Seeking to insulate the police from politics, the NRB’s administrative reforms have, in fact, made it an instrument of political power. Under the new arrangement, the head of the district police is responsible to the nazim. The local government scheme envisaged the nazims as being apolitical. In practice, they are powerful party bosses. Law and order, which is the first duty of the state and Pakistan’s aggravating problem, no longer has a neutral custodian after the abolition of the post of district magistrate. Even if it is granted that a nazim can be neutral, he has no executive hierarchy to back his authority. Under the police law, he cannot even inspect a police station. The administrative reforms have thus blurred the responsibility for law and order, and growing lawlessness is the result.
A distinctive feature of the commission is that, unlike the commissions of the past, it can recommend action to a steering committee, co-chaired by the president and the prime minister, from time to time as it proceeds with its investigations. The selection of issues that must rank high on its agenda is bound to be subjective, but there should be no two opinions that the reinstatement of a neutral law and order administration should rank as the highest, followed by the separation of municipal/developmental functions from executive authority — one belongs to elected representatives, the other to permanent civil servants.

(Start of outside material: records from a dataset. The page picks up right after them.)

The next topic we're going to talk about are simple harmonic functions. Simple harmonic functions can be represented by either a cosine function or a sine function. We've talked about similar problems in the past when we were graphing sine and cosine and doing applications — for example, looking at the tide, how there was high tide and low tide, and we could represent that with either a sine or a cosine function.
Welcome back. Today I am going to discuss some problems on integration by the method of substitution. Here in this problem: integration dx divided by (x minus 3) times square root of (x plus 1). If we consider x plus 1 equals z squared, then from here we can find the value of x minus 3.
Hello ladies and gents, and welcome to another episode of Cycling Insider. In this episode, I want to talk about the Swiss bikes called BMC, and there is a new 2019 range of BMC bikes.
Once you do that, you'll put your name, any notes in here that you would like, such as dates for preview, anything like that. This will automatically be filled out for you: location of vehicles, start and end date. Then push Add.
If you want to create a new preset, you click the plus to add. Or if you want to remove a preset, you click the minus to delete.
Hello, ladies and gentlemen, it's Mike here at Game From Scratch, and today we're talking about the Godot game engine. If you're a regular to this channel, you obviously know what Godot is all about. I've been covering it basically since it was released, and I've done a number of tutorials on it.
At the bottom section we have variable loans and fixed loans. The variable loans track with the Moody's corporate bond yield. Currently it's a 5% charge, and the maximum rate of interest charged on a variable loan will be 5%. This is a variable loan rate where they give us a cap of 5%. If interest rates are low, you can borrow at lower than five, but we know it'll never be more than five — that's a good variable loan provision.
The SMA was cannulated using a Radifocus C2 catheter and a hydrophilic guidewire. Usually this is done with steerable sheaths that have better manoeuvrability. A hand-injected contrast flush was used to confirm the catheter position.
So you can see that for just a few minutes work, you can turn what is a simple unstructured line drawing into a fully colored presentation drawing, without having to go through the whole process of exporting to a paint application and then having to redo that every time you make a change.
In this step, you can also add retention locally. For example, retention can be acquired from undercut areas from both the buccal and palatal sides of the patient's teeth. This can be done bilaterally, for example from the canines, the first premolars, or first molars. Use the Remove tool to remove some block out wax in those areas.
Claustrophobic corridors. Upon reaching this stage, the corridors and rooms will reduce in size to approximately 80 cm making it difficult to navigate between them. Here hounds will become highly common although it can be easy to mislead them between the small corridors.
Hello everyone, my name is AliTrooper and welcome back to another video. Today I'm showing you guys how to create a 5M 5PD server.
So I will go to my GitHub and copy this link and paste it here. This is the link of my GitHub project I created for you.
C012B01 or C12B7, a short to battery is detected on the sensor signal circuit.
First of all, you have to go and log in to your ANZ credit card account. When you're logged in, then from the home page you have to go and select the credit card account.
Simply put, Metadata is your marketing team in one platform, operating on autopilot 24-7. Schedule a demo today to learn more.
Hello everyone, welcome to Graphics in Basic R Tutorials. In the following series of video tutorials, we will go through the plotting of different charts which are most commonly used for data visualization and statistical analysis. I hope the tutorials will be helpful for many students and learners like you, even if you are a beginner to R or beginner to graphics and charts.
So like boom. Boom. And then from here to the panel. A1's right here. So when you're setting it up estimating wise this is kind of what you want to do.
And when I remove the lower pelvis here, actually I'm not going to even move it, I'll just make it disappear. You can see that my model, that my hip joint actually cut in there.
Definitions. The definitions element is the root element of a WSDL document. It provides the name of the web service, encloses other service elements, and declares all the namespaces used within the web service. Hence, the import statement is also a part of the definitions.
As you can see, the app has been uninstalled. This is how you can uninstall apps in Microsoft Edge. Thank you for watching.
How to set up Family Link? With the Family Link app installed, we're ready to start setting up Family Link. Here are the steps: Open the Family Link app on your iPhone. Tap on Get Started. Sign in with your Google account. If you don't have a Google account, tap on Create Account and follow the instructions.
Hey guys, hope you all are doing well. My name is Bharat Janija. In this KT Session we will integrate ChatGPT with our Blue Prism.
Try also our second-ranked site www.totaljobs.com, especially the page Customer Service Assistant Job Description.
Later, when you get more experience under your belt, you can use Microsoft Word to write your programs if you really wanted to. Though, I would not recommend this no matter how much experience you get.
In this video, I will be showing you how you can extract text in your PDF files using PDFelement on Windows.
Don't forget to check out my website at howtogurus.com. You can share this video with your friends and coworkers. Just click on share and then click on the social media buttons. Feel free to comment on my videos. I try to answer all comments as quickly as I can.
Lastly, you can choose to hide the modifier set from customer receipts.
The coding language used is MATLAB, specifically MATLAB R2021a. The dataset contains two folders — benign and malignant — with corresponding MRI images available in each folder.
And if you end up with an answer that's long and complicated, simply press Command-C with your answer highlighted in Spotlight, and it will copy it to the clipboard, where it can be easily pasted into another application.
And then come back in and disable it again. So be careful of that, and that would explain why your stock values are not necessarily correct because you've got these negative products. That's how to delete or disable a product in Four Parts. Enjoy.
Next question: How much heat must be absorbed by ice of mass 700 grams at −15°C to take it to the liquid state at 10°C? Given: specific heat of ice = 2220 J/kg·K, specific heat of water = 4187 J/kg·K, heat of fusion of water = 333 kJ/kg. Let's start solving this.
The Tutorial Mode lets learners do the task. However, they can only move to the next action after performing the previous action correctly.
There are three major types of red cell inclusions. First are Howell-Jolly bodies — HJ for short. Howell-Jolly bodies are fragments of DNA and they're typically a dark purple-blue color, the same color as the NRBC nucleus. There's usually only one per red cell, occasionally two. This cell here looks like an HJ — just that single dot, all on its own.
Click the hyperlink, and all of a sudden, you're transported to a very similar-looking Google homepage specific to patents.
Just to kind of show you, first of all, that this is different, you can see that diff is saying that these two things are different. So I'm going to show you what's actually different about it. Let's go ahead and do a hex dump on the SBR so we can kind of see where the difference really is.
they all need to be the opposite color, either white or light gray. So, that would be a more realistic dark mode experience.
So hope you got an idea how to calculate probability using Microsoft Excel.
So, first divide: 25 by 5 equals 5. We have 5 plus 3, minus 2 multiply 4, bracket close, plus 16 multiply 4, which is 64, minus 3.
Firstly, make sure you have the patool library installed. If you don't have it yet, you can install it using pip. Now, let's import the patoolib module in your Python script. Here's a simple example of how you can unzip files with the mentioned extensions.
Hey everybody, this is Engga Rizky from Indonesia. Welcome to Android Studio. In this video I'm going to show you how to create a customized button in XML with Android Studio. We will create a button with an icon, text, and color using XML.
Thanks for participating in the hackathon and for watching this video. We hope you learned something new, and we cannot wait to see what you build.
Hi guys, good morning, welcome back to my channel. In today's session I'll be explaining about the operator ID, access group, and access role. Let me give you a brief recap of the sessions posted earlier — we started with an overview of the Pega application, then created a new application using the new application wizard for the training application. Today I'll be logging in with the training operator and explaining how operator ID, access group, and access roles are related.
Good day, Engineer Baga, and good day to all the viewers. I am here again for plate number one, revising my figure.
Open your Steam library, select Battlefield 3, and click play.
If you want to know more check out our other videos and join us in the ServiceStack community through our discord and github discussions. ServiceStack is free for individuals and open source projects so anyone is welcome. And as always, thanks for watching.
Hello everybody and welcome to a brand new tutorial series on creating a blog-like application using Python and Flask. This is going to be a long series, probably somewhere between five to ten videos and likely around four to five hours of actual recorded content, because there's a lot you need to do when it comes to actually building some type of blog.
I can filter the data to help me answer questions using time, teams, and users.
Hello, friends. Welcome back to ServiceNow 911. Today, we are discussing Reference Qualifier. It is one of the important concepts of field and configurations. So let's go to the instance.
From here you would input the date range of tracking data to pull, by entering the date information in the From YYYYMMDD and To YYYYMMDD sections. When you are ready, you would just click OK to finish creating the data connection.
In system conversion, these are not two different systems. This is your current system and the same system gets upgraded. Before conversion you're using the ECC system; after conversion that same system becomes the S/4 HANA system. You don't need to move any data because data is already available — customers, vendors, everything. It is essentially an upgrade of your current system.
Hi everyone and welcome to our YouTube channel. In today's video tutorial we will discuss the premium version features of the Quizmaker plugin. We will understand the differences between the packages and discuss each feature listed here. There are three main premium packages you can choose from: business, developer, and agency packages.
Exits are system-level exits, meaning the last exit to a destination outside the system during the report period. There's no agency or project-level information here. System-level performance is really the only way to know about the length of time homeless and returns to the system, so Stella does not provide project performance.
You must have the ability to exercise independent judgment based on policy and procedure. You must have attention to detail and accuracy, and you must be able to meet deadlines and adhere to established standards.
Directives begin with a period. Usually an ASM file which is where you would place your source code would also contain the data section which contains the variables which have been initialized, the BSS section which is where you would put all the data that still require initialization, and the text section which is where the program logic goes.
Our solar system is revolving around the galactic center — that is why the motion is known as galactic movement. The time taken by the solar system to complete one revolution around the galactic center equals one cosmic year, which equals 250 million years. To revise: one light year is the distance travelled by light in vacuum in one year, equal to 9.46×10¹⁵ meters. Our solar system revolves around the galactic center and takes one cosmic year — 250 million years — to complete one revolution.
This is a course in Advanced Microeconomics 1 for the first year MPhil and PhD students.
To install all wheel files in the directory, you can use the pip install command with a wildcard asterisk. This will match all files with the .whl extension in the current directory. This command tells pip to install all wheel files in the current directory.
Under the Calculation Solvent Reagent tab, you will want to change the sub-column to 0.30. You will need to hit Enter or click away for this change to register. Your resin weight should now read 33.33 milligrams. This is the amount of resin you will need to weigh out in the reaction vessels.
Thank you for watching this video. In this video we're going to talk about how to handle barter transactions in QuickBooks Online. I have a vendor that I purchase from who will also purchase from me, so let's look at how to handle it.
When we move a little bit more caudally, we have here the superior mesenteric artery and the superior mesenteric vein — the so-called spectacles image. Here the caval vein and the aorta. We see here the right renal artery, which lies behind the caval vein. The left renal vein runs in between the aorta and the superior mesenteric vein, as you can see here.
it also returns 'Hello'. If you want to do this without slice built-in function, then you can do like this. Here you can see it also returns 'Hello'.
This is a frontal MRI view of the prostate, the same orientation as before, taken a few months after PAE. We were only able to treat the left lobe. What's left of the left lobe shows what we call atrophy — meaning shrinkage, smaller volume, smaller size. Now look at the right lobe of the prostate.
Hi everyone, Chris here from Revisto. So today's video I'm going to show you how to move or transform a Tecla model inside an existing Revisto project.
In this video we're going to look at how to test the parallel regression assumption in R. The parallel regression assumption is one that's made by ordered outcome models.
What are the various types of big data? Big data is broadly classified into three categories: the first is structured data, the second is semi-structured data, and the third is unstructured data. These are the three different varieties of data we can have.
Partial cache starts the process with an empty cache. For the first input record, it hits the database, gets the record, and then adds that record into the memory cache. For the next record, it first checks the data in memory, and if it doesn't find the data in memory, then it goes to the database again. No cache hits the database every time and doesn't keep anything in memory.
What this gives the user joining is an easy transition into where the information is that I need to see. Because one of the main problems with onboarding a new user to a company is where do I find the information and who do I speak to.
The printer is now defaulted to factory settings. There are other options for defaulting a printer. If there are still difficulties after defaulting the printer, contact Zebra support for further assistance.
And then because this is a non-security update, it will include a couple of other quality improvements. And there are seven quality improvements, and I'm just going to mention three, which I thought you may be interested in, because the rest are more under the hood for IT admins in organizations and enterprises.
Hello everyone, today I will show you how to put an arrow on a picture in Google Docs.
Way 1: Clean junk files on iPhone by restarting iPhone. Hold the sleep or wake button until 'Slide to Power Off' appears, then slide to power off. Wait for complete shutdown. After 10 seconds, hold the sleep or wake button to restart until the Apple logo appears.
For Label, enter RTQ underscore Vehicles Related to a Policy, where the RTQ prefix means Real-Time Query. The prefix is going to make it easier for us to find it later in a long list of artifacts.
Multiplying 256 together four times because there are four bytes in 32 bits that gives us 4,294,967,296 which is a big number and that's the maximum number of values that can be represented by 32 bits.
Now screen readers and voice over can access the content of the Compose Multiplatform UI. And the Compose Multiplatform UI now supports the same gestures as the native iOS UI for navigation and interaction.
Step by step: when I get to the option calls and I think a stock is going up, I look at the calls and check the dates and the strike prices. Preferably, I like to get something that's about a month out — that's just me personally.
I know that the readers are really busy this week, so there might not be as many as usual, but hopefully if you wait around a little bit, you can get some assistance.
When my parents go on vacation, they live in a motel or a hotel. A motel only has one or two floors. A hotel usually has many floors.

In the final analysis, what would matter is whether the commission is free and objective in its investigations. If it is going to be just another “command” performance, as was the NRB’s, the people should be spared the agony of having expectations. To hold the government to its promise of good governance, the commission should ask for a role in supervising the filling of thousands of posts in the provinces on the basis of merit. It is widely suspected that these will go to relatives and cronies.